A haiku is not XML.  You did not give me an example of an XML string
with white space between the tags in which an application would need it
to handle the data.  (Note, I am not talking about white space between a
corresponding start and end tag as that would actually make sense since
it is part of the data being transferred.  I speak of white space after
one ending tag and before another starting tag)  This discussion is not
about haikus, limericks, or iambic pentameter.  It is about xml as a
means to define and transfer data and the fact that I have seen no
actual, real-life, honest-to-goodness reason whatsoever that would
require an application to be aware of white space between the nodes to
be able to correctly receive, and process the data contained within the
XML.  Let's say I were to store a haiku in an XML string.  Regardless of
whether each line was stored separately, or if it was stored as one
large string, the text would reside in the value of a tag's attribute or
the inner text of one tag.  In both of those scenarios white space IS
significant since it is within a tag.  That is not the scope of this
discussion however.  The white space outside of tags is what we are
talking about.


> How does an XML parser know whether whitespace is significant or not?

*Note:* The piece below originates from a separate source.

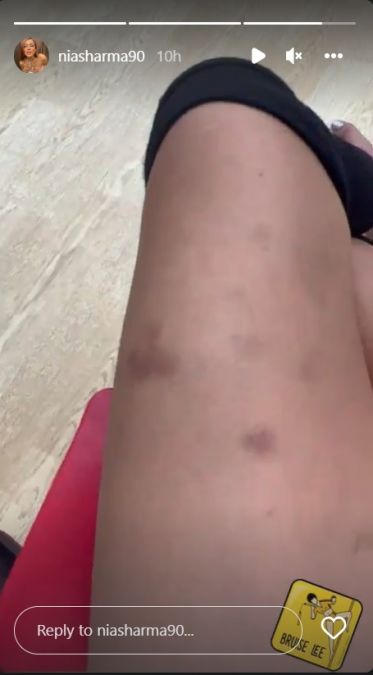 Nia Sharma bruises her leg while practicing for her dance performance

Because its an XML PARSER!  By virtue of the fact that xml is the type
of string it is parsing it can be drawn that significant data is NOT
stored outside of tags, and therefore any characters outside of a tag
are one of two things:
1) illegal
2) meaningless.

The two xml strings below are NOT equal in my opinion:

<tag1>
        <tag2 />
        <tag3 />
</tag1>

<tag1><extra_tag_you_dont_want><tag2 /><extra_tag_you_dont_want><tag3
/><extra_tag_you_dont_want></tag1>

That is exactly what Mozilla does. It takes the 2 children of tag1 and
adds three siblings.  That may seem right from some technical,
scientific, sterile point of view, but seems downright wrong to me.

Because we know:
1) The string is xml
2) XLM does not store data OUTSIDE of a tag
3) Elements of an xml document are defined by a "<tagname>" syntax

Why would a parser create elements out of white space?  Strictly
speaking from a practical point of view, when in the history of XML has
someone received a string of text which is known to be xml, and needed
data from outside of the tags?  I don't think that has ever happened.

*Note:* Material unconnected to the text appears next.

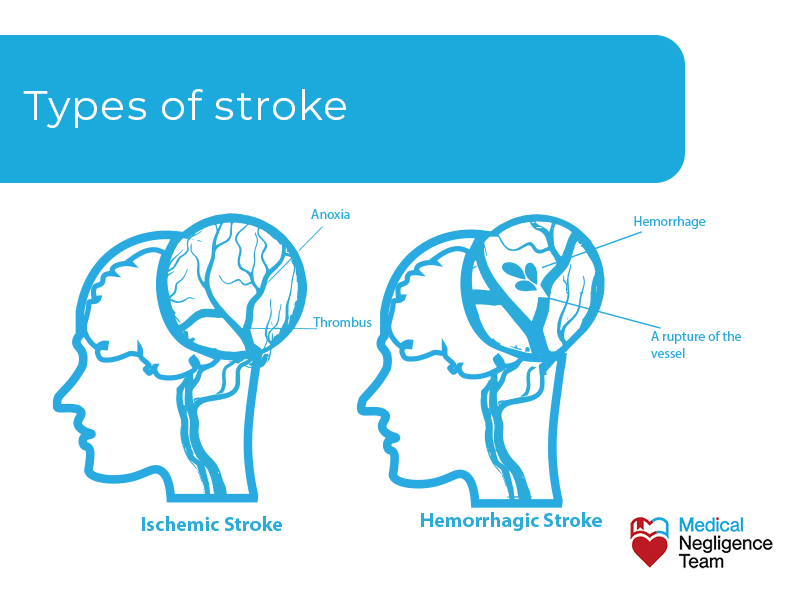 two types of stroke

I guess it should be noted that I am not necessarily arguing about how
XML parsing is currently defined as much as I am how I think it SHOULD
be defined if you were to logically think through how it is used.  I
think the "correct" interpretation that Mozilla conforms to is wrong
because it implicitly creates un-wanted elements out of characters which
are NOT supposed to designate the existence of elements.